I use threading and Queue to retrieve the url and store in the database.
I just want one thread to save the job.
so I write code as shown below:
import threading import time import Queue site_count = 10 fetch_thread_count = 2 site_queue = Queue.Queue() proxy_array=[] class FetchThread(threading.Thread): def __init__(self,site_queue,proxy_array): threading.Thread.__init__(self) self.site_queue = site_queue self.proxy_array = proxy_array def run(self): while True: index = self.site_queue.get() self.get_proxy_one_website(index) self.site_queue.task_done() def get_proxy_one_website(self,index): print '{0} fetched site :{1}\n'.format(self.name,index) self.proxy_array.append(index) def save(): while True: if site_queue.qsize() > 0: if len(proxy_array) > 10: print 'save :{0} to database\n'.format(proxy_array.pop()) else: time.sleep(1) elif len(proxy_array) > 0: print 'save :{0} to database\n'.format(proxy_array.pop()) elif len(proxy_array) == 0: print 'break' break else: print 'continue' continue def start_crawl(): global site_count,fetch_thread_count,site_queue,proxy_array print 'init' for i in range(fetch_thread_count): ft = FetchThread(site_queue,proxy_array) ft.setDaemon(True) ft.start() print 'put site_queue' for i in range(site_count): site_queue.put(i) save() print 'start site_queue join' site_queue.join() print 'finish' start_crawl()
deductible output:
init put site_queue Thread-1 fetched site :0 Thread-2 fetched site :1 Thread-1 fetched site :2 Thread-2 fetched site :3 Thread-1 fetched site :4 Thread-2 fetched site :5 Thread-1 fetched site :6 Thread-2 fetched site :7 Thread-1 fetched site :8 Thread-2 fetched site :9 save :9 to database save :8 to database save :7 to database save :6 to database save :5 to database save :4 to database save :3 to database save :2 to database save :1 to database save :0 to database break start site_queue join finish [Finished in 1.2s]
Why site_queue.join() save() function run after site_queue.join() , which is written after save() .
I also replaced save() with a stream function, but it doesn't work either.
Does this mean that I have to change proxy_array=[] to proxy_queue=Queue.Queue() , then I can use tagging to store data?

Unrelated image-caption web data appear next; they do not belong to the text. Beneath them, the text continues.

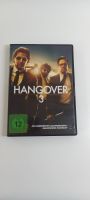 DVD Hangover 3 Rheinland-Pfalz - Mainz Vorschau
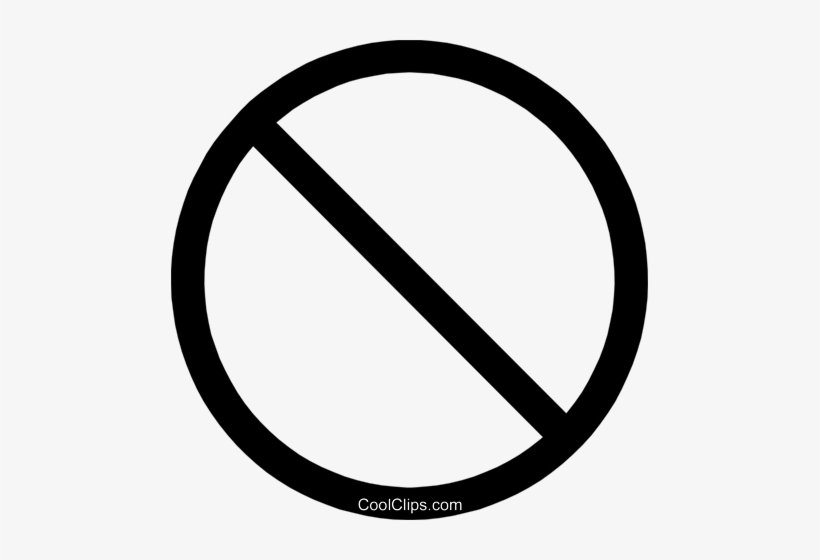 Circle Shape Royalty Free Vector Clip Art Illustration - Socket Io Logo ...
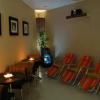 Отель Centrum, фото 18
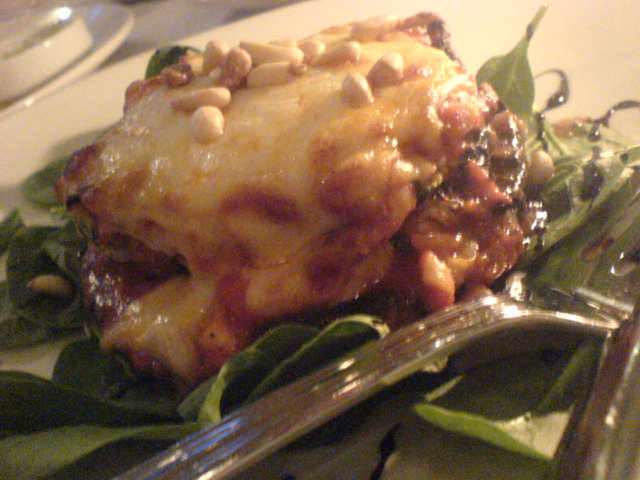 [DSC04178.JPG]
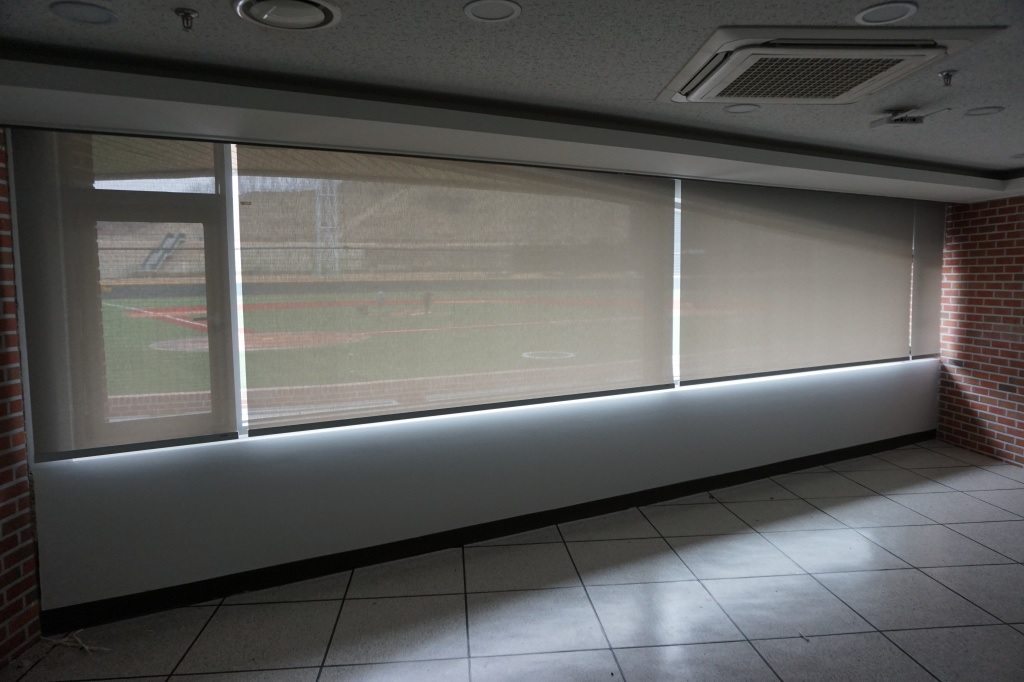 Ulsan Munsu Baseball Stadium-20-5.jpg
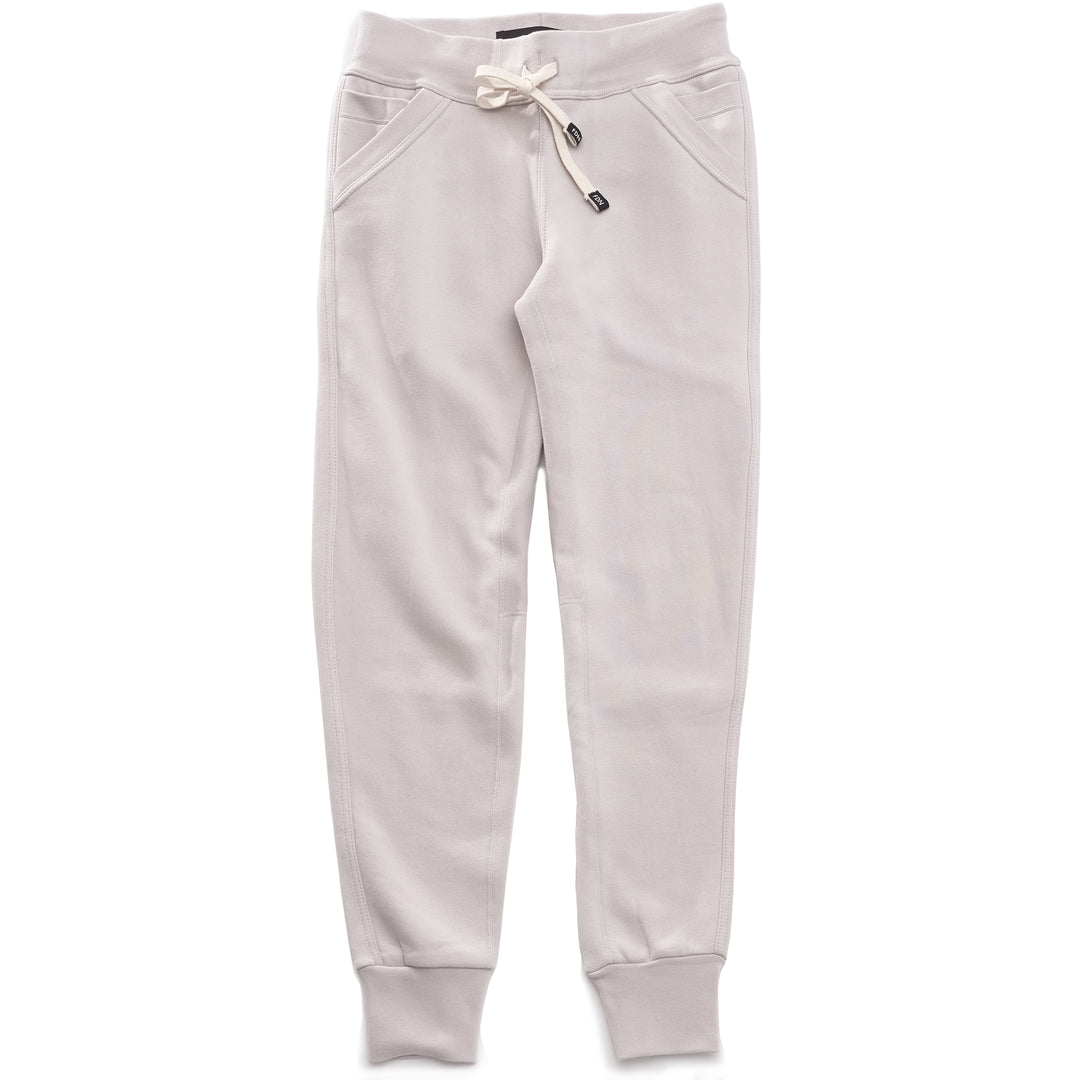 4-POCKET SWEAT PANT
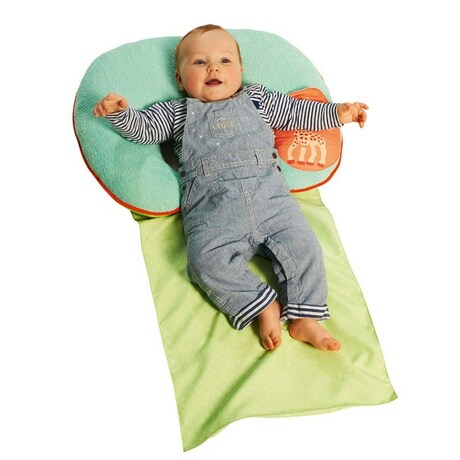 Coussin Duo Sophie La Girafe Vente En Ligne De Chambre Bebe Bebe9 Coussin Duo Sophie La Girafe Vente En Ligne De Chambre Bebe Bebe9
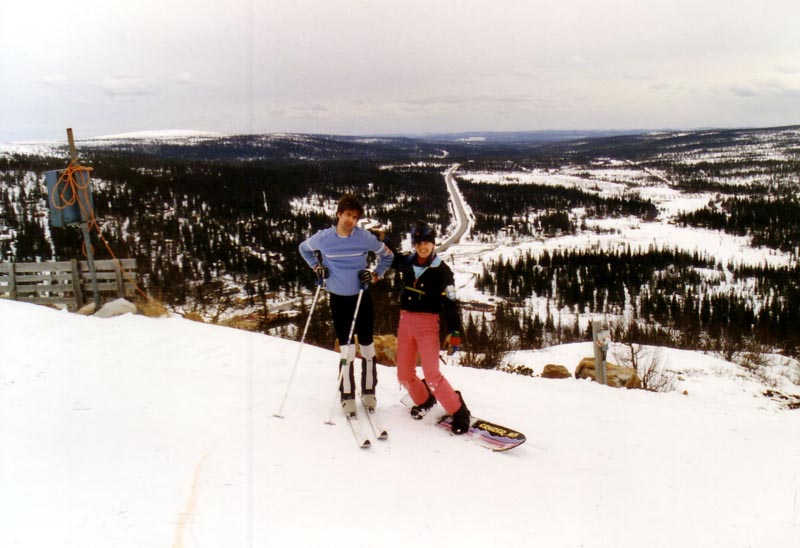 9003-Vemdalen-005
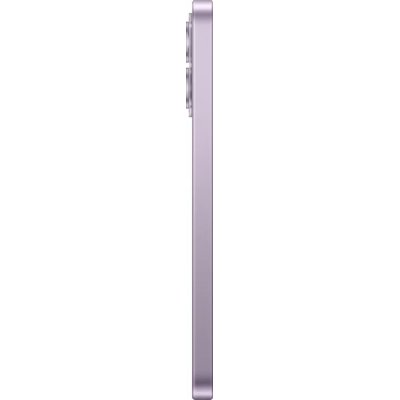 смартфон Xiaomi Redmi Note 17 Pro Max 5G 8/256GB Purple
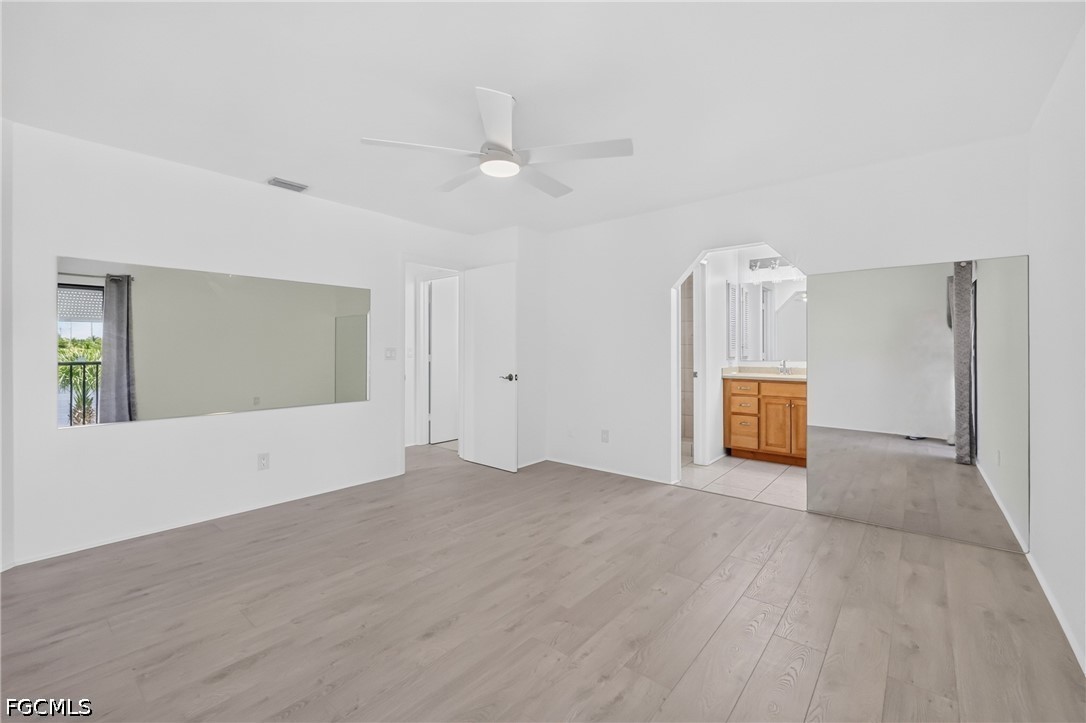 PrimaryBedroom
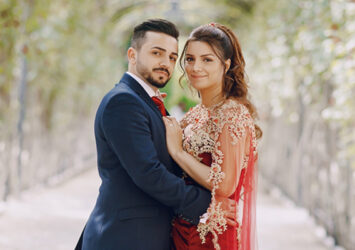 Love marriage Specialist Astrologer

I just want one of them to do this, and there are no other proxy_array that will receive data from proxy_array , why should I join it? Using Queue seems very strange. Is there a better solution?
UPDATE:
I do not want to wait for all FetchThreads to complete their work. I want to save data during fethcing, it will be much faster. I want the result to be something like below (Becuase I use array.pop (), so save 0 may come up later, this is just an example for easy understanding.):
Thread-2 fetched site :1 Thread-1 fetched site :2 save :0 to database Thread-2 fetched site :3 Thread-1 fetched site :4 save :2 to database save :3 to database Thread-2 fetched site :5 Thread-1 fetched site :6 save :4 to database .......
UPDATE2 for someone has the same question as below:
Question:
As I said, as the context above, there are no other add-ons that receive data from proxy_array.
I just can't imagine why this would break thread safety?
Answer:
manufacturer-consumer problem in response to misha, I understand by carefully reading it.
Question:
And one more question, if the main thread of the program can play as comsumer with FetchThreads (in other words, you do not need to create StoreThread)
this is something that I cannot understand, I would update after I found the answer.